Supernode problem in different storage backends

Florian Hockmann

unread,

Jan 10, 2018, 7:02:52 AM1/10/18

to JanusGraph users

Hi,

supernodes are probably one of the biggest problems for graph databases. So I wanted to ask what experiences you have with supernodes for the different storage backends of JanusGraph.

My main interest is currently in regards to ScyllaDB vs Cassandra, but experiences with other storage backends would of course also be interesting to hear about. If my understanding is correct, then supernodes will result in large partitions in Cassandra and ScyllaDB. Jon Haddad wrote about problems with large partitions in Cassandra in the context of time series data modeling: http://thelastpickle.com/blog/2017/08/02/time-series-data-modeling-massive-scale.html

Scylla claims that they have good support for supernodes: http://www.scylladb.com/2016/08/25/large-partitions/

So my question is: Do you have any experiences with supernodes in ScyllaDB and does it handle supernodes (ergo large partitions) better than Cassandra?

The usual recommendation to deal with supernodes or large partitions is to use bucketing (explained in both blog posts I linked above, the basic idea is to split up a supernode into multiple nodes, one for each day). The really interesting question here from my point of view is: Does any storage backend (maybe ScyllaDB?) handle those large partitions good enough that such a bucketing isn't necessary anymore?

To start with our own experiences with supernodes and Cassandra as the storage backend: We currently have some supernodes as we don't use something like bucketing and this leads to problems like vertices getting too big to be effectively worked with. When we try to use Spark to work on our data it also fails to load our graph (apparently) due to too big partitions.
Therefore we are currently evaluating whether we change our schema to use bucketing or whether another storage backend would be a better choice than Cassandra.

Best regards and thanks
Florian

Ted Wilmes

unread,

Jan 10, 2018, 10:20:50 AM1/10/18

to JanusGraph users

Hi Florian,

I've used Scylla with Janus but haven't pushed the limit on partition size. I think Scylla's

large partition support will help with the case where you run OLTP queries against supernodes

that are still fairly constrained on their edge retrieval by a vertex-centric index. In that

case, with Scylla's improved large partition support the usual operational headaches should

be removed, and you'll be left with a maintainable system and low latency reads. What I don't think

it'll fix is the case where you're running queries that are largely unconstrained against those large partitions.

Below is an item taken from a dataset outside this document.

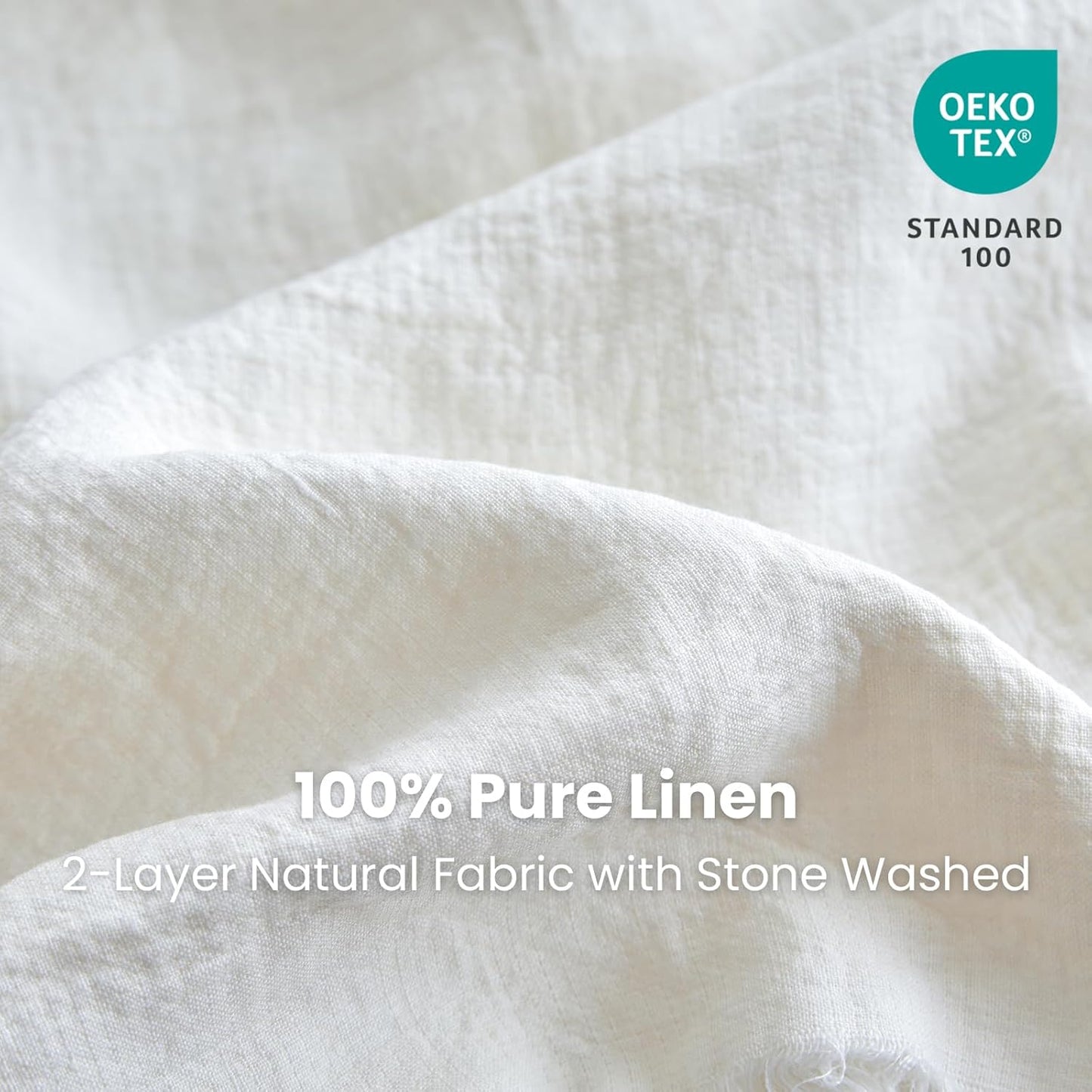 Simple&Opulence 100% Linen Throw Blanket 55x75 inches, Farmhouse Boho Tassel Blanket for Couch, Bed, Sofa, Breathable Natural Cozy Décor, White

If Janus needs to materialize the full (or large % of a) adjacency list of a large partition into memory, we'll probably

still have issues even if the storage backend can handle it. Are your transactional queries pretty

constrained when they hit supernodes or do you need to do scan type operations? On a related note,

I think there have been large partition improvements in Cassandra 3, but I'd have to chase down the

JIRAs to see what they were.

--Ted

Florian Hockmann

unread,

Jan 11, 2018, 6:22:18 AM1/11/18

to JanusGraph users

Thanks for your input, Ted. Most of our queries either use a limit() to only get a small number of neighbors back or at least a timeLimit() to only get a best effort solution. That shouldn't be a big problem for JanusGraph when the storage backend is able to handle those partitions efficiently, or should it?

A bigger problem for us might be our way of inserting edges as we are actually doing upserts that check prior to adding the edge whether an edge already exists between the two vertices with the same edge label. That probably requires JanusGraph to iterate over the whole adjacency list of the first vertex. Unfortunately, I don't really see a way to perform such an upsert without scanning the whole adjacency list. Vertex-centric indices are probably too expensive for this use case as we would need to create one (or even two, to also support the other direction) index for most of our edge labels.

Might it be an option for JanusGraph to handle the supernode problem by splitting a vertex into more than one partition before it's getting too big?

Ted Wilmes

unread,

Jan 13, 2018, 11:59:08 AM1/13/18

to JanusGraph users

Hi Florian,

Good questions, I had to confirm my memory, but here's the storage layer behavior I think you'd see for a

few different scenarios. Let's say we have a vertex 'A', and it has 0.5 million adjacent vertices, only outbound to it.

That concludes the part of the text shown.